--- Given information Enclosed Below ---

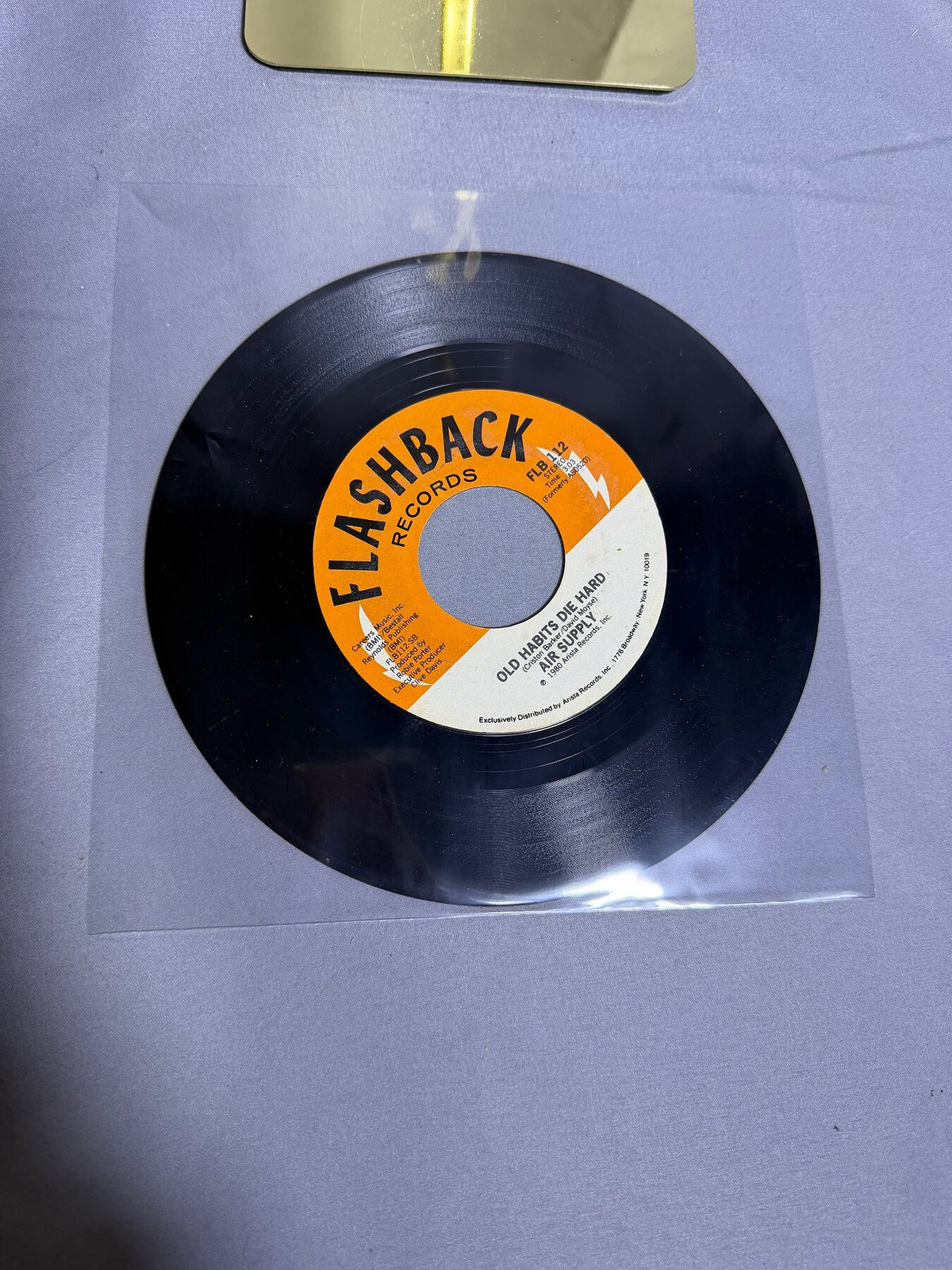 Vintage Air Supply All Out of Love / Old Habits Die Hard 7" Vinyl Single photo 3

--- End of Enclosed Given information ---
--- Given information Enclosed Below ---

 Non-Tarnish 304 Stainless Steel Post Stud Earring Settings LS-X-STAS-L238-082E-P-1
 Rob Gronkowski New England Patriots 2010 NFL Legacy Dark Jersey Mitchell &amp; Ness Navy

--- End of Enclosed Given information ---
--- Given information Enclosed Below ---

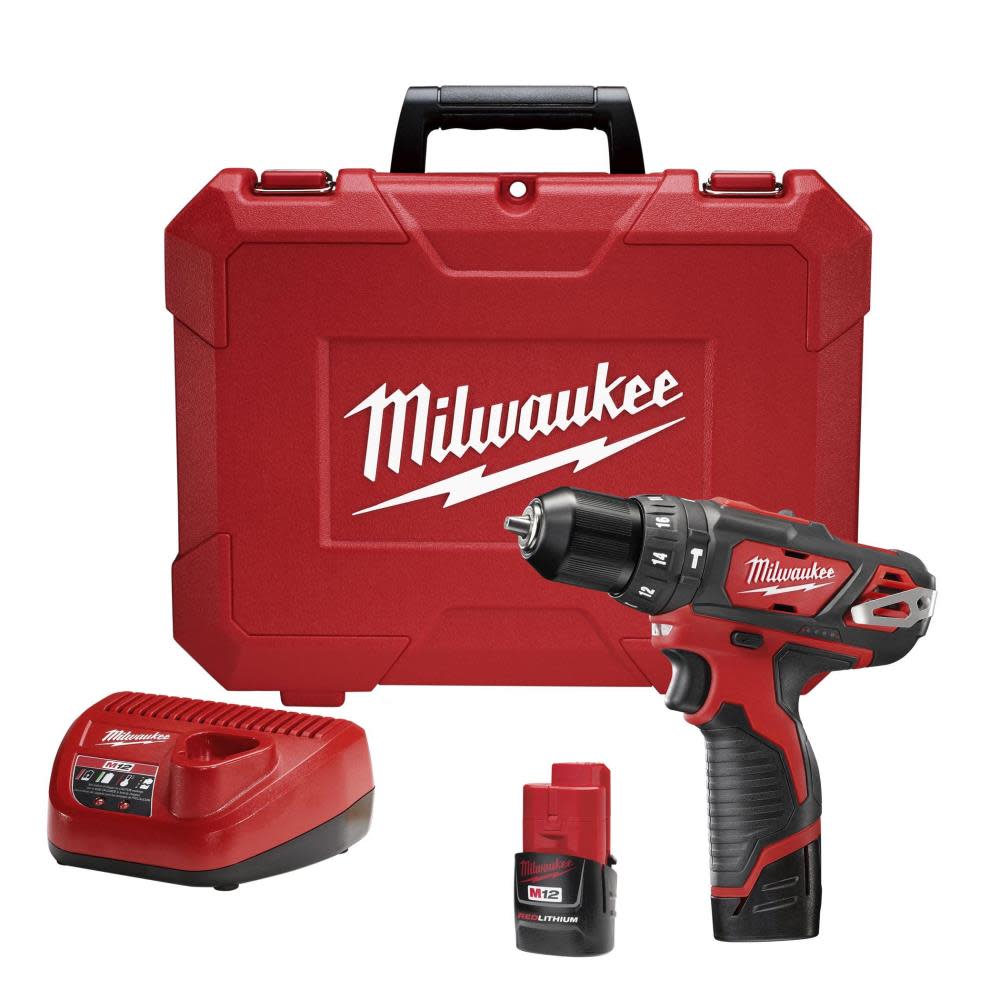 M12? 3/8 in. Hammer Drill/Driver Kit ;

--- End of Enclosed Given information ---

Write out exactly the lines above between the line with "Non-Tarnish 304 Stainless" and the line with "Rob Gronkowski New", inclusive, and nothing beyond them.

 Non-Tarnish 304 Stainless Steel Post Stud Earring Settings LS-X-STAS-L238-082E-P-1
 Rob Gronkowski New England Patriots 2010 NFL Legacy Dark Jersey Mitchell &amp; Ness Navy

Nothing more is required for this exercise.